> _What to do_
Copy every record exactly as it appears in the data below.

[Opening Material shown section]

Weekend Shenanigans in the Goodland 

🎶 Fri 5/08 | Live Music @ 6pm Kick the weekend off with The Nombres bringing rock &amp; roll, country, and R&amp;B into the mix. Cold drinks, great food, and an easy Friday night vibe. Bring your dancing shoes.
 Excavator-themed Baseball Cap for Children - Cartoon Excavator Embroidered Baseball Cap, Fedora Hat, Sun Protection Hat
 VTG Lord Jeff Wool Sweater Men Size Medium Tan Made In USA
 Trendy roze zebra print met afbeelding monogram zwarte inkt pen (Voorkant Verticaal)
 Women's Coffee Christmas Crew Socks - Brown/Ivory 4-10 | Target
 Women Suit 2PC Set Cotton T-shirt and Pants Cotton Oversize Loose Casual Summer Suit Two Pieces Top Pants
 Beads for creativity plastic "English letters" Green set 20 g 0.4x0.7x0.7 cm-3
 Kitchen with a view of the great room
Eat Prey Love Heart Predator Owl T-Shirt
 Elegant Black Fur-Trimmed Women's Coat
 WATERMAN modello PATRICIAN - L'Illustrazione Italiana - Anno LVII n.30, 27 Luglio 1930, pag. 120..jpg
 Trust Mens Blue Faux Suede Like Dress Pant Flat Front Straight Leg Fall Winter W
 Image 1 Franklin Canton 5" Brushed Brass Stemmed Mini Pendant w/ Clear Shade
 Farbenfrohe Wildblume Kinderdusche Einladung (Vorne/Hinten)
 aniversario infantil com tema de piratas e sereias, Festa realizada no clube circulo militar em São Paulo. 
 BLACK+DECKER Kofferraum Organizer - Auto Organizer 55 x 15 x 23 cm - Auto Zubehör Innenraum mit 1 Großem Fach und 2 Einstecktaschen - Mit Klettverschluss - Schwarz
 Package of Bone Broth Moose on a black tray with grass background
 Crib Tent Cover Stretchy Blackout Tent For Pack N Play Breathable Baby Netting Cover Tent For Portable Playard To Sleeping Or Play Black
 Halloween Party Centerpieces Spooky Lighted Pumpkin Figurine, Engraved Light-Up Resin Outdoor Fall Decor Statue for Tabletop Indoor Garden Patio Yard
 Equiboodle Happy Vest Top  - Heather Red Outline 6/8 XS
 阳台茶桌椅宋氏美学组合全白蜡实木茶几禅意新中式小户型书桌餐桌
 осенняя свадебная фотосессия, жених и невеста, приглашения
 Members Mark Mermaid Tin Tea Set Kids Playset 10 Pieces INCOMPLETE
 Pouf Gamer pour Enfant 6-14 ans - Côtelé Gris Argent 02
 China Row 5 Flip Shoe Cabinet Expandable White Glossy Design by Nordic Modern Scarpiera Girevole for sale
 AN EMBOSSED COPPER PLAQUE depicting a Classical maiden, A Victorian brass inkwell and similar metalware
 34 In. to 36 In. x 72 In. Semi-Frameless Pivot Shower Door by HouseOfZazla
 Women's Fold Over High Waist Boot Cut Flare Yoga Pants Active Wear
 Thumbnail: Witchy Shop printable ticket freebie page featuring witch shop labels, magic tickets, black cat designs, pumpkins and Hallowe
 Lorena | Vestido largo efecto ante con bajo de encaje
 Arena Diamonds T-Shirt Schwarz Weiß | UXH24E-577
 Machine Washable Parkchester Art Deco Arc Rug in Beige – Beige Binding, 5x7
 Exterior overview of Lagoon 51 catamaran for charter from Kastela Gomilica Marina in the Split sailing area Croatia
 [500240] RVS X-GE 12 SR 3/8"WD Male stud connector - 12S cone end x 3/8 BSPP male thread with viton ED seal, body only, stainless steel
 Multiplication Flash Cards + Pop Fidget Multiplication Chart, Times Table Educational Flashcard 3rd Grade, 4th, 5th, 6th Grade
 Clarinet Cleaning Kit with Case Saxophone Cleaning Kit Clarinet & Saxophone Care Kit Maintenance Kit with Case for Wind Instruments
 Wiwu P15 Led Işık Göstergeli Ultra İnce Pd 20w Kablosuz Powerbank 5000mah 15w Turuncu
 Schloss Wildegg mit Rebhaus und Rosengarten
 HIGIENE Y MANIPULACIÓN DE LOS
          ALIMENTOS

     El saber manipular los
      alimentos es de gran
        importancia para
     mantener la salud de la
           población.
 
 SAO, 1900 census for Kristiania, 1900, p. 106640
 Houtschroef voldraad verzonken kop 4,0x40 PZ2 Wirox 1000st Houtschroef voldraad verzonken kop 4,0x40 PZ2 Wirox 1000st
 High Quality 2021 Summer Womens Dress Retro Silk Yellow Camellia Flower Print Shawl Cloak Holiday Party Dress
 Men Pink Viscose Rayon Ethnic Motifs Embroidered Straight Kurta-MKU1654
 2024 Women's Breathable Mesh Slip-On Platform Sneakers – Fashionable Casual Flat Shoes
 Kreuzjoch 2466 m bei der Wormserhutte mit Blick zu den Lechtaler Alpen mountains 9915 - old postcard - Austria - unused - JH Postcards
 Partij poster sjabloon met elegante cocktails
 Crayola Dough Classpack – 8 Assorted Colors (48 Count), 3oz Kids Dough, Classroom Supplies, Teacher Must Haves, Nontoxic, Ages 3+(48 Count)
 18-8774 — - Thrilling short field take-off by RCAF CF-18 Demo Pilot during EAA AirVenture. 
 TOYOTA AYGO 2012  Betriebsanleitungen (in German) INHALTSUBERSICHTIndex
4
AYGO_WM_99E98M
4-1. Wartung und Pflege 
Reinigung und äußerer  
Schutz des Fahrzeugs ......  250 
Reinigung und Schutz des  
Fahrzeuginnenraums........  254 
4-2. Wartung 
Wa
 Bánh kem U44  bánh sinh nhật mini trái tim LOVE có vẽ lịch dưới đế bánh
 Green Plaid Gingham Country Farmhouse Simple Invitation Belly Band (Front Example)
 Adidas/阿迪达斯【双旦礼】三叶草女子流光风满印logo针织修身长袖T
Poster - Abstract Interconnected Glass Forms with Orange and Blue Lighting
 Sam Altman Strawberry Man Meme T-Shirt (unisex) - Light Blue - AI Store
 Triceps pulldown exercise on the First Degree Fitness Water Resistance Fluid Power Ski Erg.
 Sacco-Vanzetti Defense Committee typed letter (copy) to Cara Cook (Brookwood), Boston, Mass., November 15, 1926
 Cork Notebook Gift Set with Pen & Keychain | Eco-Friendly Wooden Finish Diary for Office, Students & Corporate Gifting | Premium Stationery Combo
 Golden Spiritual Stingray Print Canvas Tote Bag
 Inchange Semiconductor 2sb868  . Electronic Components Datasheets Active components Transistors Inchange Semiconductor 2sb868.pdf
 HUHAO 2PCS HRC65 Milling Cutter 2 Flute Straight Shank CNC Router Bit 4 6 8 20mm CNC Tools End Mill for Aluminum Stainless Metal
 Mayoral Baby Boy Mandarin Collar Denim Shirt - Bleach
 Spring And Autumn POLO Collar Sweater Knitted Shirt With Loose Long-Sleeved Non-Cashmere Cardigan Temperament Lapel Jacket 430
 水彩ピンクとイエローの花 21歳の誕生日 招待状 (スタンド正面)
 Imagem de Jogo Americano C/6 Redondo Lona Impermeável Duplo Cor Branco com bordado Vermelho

[Closing Material shown section]

> _Response to this exercise_
Weekend Shenanigans in the Goodland 

🎶 Fri 5/08 | Live Music @ 6pm Kick the weekend off with The Nombres bringing rock &amp; roll, country, and R&amp;B into the mix. Cold drinks, great food, and an easy Friday night vibe. Bring your dancing shoes.
 Excavator-themed Baseball Cap for Children - Cartoon Excavator Embroidered Baseball Cap, Fedora Hat, Sun Protection Hat
 VTG Lord Jeff Wool Sweater Men Size Medium Tan Made In USA
 Trendy roze zebra print met afbeelding monogram zwarte inkt pen (Voorkant Verticaal)
 Women's Coffee Christmas Crew Socks - Brown/Ivory 4-10 | Target
 Women Suit 2PC Set Cotton T-shirt and Pants Cotton Oversize Loose Casual Summer Suit Two Pieces Top Pants
 Beads for creativity plastic "English letters" Green set 20 g 0.4x0.7x0.7 cm-3
 Kitchen with a view of the great room
Eat Prey Love Heart Predator Owl T-Shirt
 Elegant Black Fur-Trimmed Women's Coat
 WATERMAN modello PATRICIAN - L'Illustrazione Italiana - Anno LVII n.30, 27 Luglio 1930, pag. 120..jpg
 Trust Mens Blue Faux Suede Like Dress Pant Flat Front Straight Leg Fall Winter W
 Image 1 Franklin Canton 5" Brushed Brass Stemmed Mini Pendant w/ Clear Shade
 Farbenfrohe Wildblume Kinderdusche Einladung (Vorne/Hinten)
 aniversario infantil com tema de piratas e sereias, Festa realizada no clube circulo militar em São Paulo. 
 BLACK+DECKER Kofferraum Organizer - Auto Organizer 55 x 15 x 23 cm - Auto Zubehör Innenraum mit 1 Großem Fach und 2 Einstecktaschen - Mit Klettverschluss - Schwarz
 Package of Bone Broth Moose on a black tray with grass background
 Crib Tent Cover Stretchy Blackout Tent For Pack N Play Breathable Baby Netting Cover Tent For Portable Playard To Sleeping Or Play Black
 Halloween Party Centerpieces Spooky Lighted Pumpkin Figurine, Engraved Light-Up Resin Outdoor Fall Decor Statue for Tabletop Indoor Garden Patio Yard
 Equiboodle Happy Vest Top  - Heather Red Outline 6/8 XS
 阳台茶桌椅宋氏美学组合全白蜡实木茶几禅意新中式小户型书桌餐桌
 осенняя свадебная фотосессия, жених и невеста, приглашения
 Members Mark Mermaid Tin Tea Set Kids Playset 10 Pieces INCOMPLETE
 Pouf Gamer pour Enfant 6-14 ans - Côtelé Gris Argent 02
 China Row 5 Flip Shoe Cabinet Expandable White Glossy Design by Nordic Modern Scarpiera Girevole for sale
 AN EMBOSSED COPPER PLAQUE depicting a Classical maiden, A Victorian brass inkwell and similar metalware
 34 In. to 36 In. x 72 In. Semi-Frameless Pivot Shower Door by HouseOfZazla
 Women's Fold Over High Waist Boot Cut Flare Yoga Pants Active Wear
 Thumbnail: Witchy Shop printable ticket freebie page featuring witch shop labels, magic tickets, black cat designs, pumpkins and Hallowe
 Lorena | Vestido largo efecto ante con bajo de encaje
 Arena Diamonds T-Shirt Schwarz Weiß | UXH24E-577
 Machine Washable Parkchester Art Deco Arc Rug in Beige – Beige Binding, 5x7
 Exterior overview of Lagoon 51 catamaran for charter from Kastela Gomilica Marina in the Split sailing area Croatia
 [500240] RVS X-GE 12 SR 3/8"WD Male stud connector - 12S cone end x 3/8 BSPP male thread with viton ED seal, body only, stainless steel
 Multiplication Flash Cards + Pop Fidget Multiplication Chart, Times Table Educational Flashcard 3rd Grade, 4th, 5th, 6th Grade
 Clarinet Cleaning Kit with Case Saxophone Cleaning Kit Clarinet & Saxophone Care Kit Maintenance Kit with Case for Wind Instruments
 Wiwu P15 Led Işık Göstergeli Ultra İnce Pd 20w Kablosuz Powerbank 5000mah 15w Turuncu
 Schloss Wildegg mit Rebhaus und Rosengarten
 HIGIENE Y MANIPULACIÓN DE LOS
          ALIMENTOS

     El saber manipular los
      alimentos es de gran
        importancia para
     mantener la salud de la
           población.
 
 SAO, 1900 census for Kristiania, 1900, p. 106640
 Houtschroef voldraad verzonken kop 4,0x40 PZ2 Wirox 1000st Houtschroef voldraad verzonken kop 4,0x40 PZ2 Wirox 1000st
 High Quality 2021 Summer Womens Dress Retro Silk Yellow Camellia Flower Print Shawl Cloak Holiday Party Dress
 Men Pink Viscose Rayon Ethnic Motifs Embroidered Straight Kurta-MKU1654
 2024 Women's Breathable Mesh Slip-On Platform Sneakers – Fashionable Casual Flat Shoes
 Kreuzjoch 2466 m bei der Wormserhutte mit Blick zu den Lechtaler Alpen mountains 9915 - old postcard - Austria - unused - JH Postcards
 Partij poster sjabloon met elegante cocktails
 Crayola Dough Classpack – 8 Assorted Colors (48 Count), 3oz Kids Dough, Classroom Supplies, Teacher Must Haves, Nontoxic, Ages 3+(48 Count)
 18-8774 — - Thrilling short field take-off by RCAF CF-18 Demo Pilot during EAA AirVenture. 
 TOYOTA AYGO 2012  Betriebsanleitungen (in German) INHALTSUBERSICHTIndex
4
AYGO_WM_99E98M
4-1. Wartung und Pflege 
Reinigung und äußerer  
Schutz des Fahrzeugs ......  250 
Reinigung und Schutz des  
Fahrzeuginnenraums........  254 
4-2. Wartung 
Wa
 Bánh kem U44  bánh sinh nhật mini trái tim LOVE có vẽ lịch dưới đế bánh
 Green Plaid Gingham Country Farmhouse Simple Invitation Belly Band (Front Example)
 Adidas/阿迪达斯【双旦礼】三叶草女子流光风满印logo针织修身长袖T
Poster - Abstract Interconnected Glass Forms with Orange and Blue Lighting
 Sam Altman Strawberry Man Meme T-Shirt (unisex) - Light Blue - AI Store
 Triceps pulldown exercise on the First Degree Fitness Water Resistance Fluid Power Ski Erg.
 Sacco-Vanzetti Defense Committee typed letter (copy) to Cara Cook (Brookwood), Boston, Mass., November 15, 1926
 Cork Notebook Gift Set with Pen & Keychain | Eco-Friendly Wooden Finish Diary for Office, Students & Corporate Gifting | Premium Stationery Combo
 Golden Spiritual Stingray Print Canvas Tote Bag
 Inchange Semiconductor 2sb868  . Electronic Components Datasheets Active components Transistors Inchange Semiconductor 2sb868.pdf
 HUHAO 2PCS HRC65 Milling Cutter 2 Flute Straight Shank CNC Router Bit 4 6 8 20mm CNC Tools End Mill for Aluminum Stainless Metal
 Mayoral Baby Boy Mandarin Collar Denim Shirt - Bleach
 Spring And Autumn POLO Collar Sweater Knitted Shirt With Loose Long-Sleeved Non-Cashmere Cardigan Temperament Lapel Jacket 430
 水彩ピンクとイエローの花 21歳の誕生日 招待状 (スタンド正面)
 Imagem de Jogo Americano C/6 Redondo Lona Impermeável Duplo Cor Branco com bordado Vermelho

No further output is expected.